Nuanced Portrayals and Digital-Age Suspense
At the same time, the director has not crafted a rant targeting the vacuousness of online fame. Though it is gratifying to see CW exploit different internet celebrities, and a sense reminiscent of Hitchcock of alignment lets us to wish she evades capture, the filmmaker is somewhat sympathetic to the major influencer characters. In the first movie, he keyed into the loneliness Madison felt during ostensibly envy-worthy vacations. In this film, the director appears confident that just observing Jacob at work will make it clear that he is selling snake-oil masculinity to other gullible men; he resists caricaturing the character. He even gives Jacob a measure of dignity by showing his true devotion to his partner; he’s a hypocrite, but Ariana is a partner in his double standards, not a victim by it.

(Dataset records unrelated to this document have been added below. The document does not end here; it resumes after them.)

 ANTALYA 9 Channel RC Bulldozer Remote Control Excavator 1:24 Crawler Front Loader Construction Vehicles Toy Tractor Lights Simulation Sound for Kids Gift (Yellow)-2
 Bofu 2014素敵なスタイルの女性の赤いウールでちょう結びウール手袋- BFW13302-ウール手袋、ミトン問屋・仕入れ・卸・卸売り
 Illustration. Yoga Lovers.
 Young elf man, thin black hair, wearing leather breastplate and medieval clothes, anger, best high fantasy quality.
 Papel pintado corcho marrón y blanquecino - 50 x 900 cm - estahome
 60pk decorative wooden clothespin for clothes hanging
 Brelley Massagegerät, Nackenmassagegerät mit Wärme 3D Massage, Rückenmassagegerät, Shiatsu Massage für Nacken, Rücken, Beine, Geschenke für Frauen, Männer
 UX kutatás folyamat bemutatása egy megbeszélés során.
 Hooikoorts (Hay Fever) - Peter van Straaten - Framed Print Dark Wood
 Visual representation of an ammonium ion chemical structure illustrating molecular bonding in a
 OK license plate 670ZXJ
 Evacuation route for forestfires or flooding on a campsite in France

The flip side of Harder’s even-keeled presentation is that it may occasionally seem that he is acknowledging bits of modern online life without investigating them. This is particularly evident of the way he introduces artificial intelligence into the story, an intriguing development that lacks the psychological edge it should have. The pluralized title for the film could offer fans of the first movie hope for a larger-scale ante-upping, and the movie ultimately delivers exactly that, with an appropriately wild final act. But before that, it’s more like a polished Alfred Hitchcock movie than a wild-eyed, technology-obsessed Brian De Palma thriller. Influencers’ heavy use of real-world locations may also be what prevents it from seeming like utter horror. Our society may be overrun with always-online creators, online fraud, and self-serving tourism, but reality itself is still here, for now.